Speech of 2025/10/03 in Athens by Eleni Antigoni Xanthi, Priestess of Hellenic Ethnic Religion & Member of Board of YSEE

"The contribution of ethnic religions to the formation of European identity"
Read the speech in Hellenic Language
Dear colleagues, members of ECER (European Congress of Ethnic Religions) and distinguished guests,
I welcome you and wish those who have traveled from afar a pleasant stay in the sacred city of Athens. I also hope that this conference will be inspiring, creative, and beneficial for all of us.

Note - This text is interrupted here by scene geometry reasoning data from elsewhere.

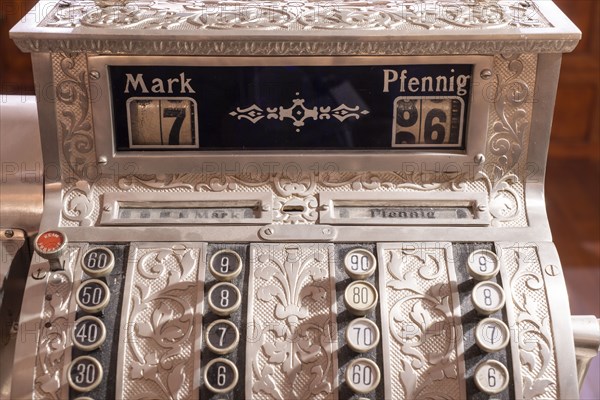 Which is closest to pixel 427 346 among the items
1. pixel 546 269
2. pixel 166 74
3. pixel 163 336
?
pixel 546 269

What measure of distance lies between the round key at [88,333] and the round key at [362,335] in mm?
466

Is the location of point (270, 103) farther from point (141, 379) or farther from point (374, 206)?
point (141, 379)

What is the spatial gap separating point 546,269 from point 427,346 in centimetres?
29

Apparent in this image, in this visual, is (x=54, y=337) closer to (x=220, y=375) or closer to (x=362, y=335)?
(x=220, y=375)

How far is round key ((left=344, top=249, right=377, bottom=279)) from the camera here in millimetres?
1591

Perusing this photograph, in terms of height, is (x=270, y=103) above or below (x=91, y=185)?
above

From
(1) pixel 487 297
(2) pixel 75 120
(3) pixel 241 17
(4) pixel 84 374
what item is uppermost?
(3) pixel 241 17

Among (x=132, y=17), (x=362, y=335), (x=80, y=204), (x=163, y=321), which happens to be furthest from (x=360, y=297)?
(x=132, y=17)

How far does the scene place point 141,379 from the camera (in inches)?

This year's theme for the conference on European religions is «the contribution of ethnic religions to the formation of European identity». Let us try to define the two basic concepts that constitute the question.

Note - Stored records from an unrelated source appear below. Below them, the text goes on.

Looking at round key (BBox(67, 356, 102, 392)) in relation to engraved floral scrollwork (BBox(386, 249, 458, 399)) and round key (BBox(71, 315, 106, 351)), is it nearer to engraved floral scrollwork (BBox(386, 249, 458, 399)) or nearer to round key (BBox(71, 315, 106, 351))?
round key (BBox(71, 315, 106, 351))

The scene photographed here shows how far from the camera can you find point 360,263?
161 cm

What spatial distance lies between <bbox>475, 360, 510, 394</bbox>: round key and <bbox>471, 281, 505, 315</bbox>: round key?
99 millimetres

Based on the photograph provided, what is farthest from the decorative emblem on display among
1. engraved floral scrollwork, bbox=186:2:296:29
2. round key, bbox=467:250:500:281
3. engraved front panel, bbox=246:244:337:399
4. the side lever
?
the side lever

One is the concept of ethnic religion, which we will clarify further, since almost all of us here belong to one of these religions and because we believe that the broader understanding of Gods and the Cosmos is what determines human beings' relationship and position both within the Cosmos and within the community.
In modern terms, we could define this fundamental conception of the Cosmos as "religion," in the sense of a worldview and its subsequent reflection in the public and private "being" and "becoming," which includes the development of an Ontology and a corresponding Theology. We recognize that this concept corresponds to an innate tendency in humans (such as the search for the Divine, awe for the Sacred), which we could call "religious sentiment" or "religiosity."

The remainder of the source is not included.